As AI shifts from experimentation to enterprise-scale execution, the expectations placed on technology leaders are expanding in both scope and intensity. In San Francisco, senior executives from ConocoPhillips, Cloudflare, Grainger, Zscaler, NRG, T. Rowe Price, and Walgreens gathered for Metis Strategy’s Technology Leadership Institute (TLI) to work through what that shift requires of the modern CIO.
The discussion focused on a central challenge: how to lead effectively as the role continues to expand across strategy, execution, and enterprise influence.
As organizations move from AI pilots to scaled, embedded capabilities, technology leaders face mounting pressure to deliver measurable business outcomes. Participants emphasized the need to define and track value and to maintain tight alignment with the business as initiatives scale.
Uncertainty around AI’s impact on work makes the people dimension of any technology leader’s remit more critical than ever.
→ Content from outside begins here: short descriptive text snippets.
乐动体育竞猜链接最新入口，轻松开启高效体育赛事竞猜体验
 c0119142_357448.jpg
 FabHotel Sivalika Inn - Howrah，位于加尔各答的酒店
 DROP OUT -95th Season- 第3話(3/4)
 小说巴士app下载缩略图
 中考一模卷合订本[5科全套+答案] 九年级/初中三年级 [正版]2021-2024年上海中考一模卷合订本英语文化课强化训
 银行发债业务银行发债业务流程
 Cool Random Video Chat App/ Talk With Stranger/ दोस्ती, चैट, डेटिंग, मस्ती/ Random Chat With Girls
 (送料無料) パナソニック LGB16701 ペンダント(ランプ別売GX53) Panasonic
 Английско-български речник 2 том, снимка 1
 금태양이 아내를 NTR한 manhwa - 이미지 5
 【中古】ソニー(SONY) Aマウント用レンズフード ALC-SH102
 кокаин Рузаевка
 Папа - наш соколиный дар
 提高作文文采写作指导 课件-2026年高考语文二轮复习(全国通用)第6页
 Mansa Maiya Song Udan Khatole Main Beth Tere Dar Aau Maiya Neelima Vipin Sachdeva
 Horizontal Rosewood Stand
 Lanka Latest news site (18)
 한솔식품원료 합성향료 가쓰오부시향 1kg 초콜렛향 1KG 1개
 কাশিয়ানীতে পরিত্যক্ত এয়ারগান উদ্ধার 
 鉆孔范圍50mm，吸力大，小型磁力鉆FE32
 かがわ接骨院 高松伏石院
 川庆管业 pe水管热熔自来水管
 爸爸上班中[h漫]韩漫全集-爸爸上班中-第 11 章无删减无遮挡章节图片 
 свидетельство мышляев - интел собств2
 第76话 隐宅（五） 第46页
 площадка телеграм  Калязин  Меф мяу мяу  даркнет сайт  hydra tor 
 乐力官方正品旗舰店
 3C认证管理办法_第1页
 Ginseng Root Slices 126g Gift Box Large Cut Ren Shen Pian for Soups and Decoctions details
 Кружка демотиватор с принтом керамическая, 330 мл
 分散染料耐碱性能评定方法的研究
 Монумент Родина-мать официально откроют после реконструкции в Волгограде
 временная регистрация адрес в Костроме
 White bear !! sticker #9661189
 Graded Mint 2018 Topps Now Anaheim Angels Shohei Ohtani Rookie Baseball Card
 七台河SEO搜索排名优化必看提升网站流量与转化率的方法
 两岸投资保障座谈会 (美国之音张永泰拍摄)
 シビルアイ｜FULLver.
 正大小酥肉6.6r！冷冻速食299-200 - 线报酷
Indeed, many CIOs today are tasked with raising the AI IQ of the entire organization, overcoming barriers to adoption, and bringing teams along through consistent communication and deliberate skill development.
At this level of leadership, many of the biggest challenges are people-driven. Navigating different working styles and shifting organizational dynamics is a core part of any CIO’s role. Building strong peer relationships and credibility across the enterprise becomes the foundation needed to move big initiatives forward. For aspiring CIOs, that means expanding learning and development beyond the latest tech and making sure to have a solid understanding of business context and enterprise-level decision making.
Staying close to the technology is equally important. It helps leaders maintain a hands-on understanding of evolving tools and better guide their teams.
Defining a strategy and building a roadmap is just the start. Effective C-level leaders must be able to explain what that strategy means in practice and how it connects to business priorities. That clarity shapes how decisions are made and how support is built across the organization.
Whether in technical conversations with engineers or delivering a tight 10 minutes to the board, “the best technology leaders meet every audience where they are and translate technology into outcomes the business understands,” said Steven Norton, Metis Strategy’s Co-Head of Research, Media and Executive Networks.
This shift requires a deeper understanding of the business and greater fluency in financial and operational concepts as technology leaders are expected to influence across business functions and contribute to enterprise strategy in a more direct way.
Leaders spoke about the difficulty of defining long-term strategy in an environment where change feels constant. While challenging, leaders today must think and operate across multiple time horizons, making deliberate and informed bets on the future while continuing to deliver in the near term. The biggest risk: standing still and embracing business as usual.
As the Institute concluded, several themes emerged for leaders navigating the next curve of technology-driven change:
Across these discussions, one theme held throughout. Leading through the next curve requires more than technical expertise. It demands the ability to connect strategy to outcomes, operate across time horizons, and stay closely connected to how work is evolving on the ground.
As organizations continue to navigate this next phase, leaders who can translate complexity into clear direction and bring their organizations with them will be best positioned to define what success looks like.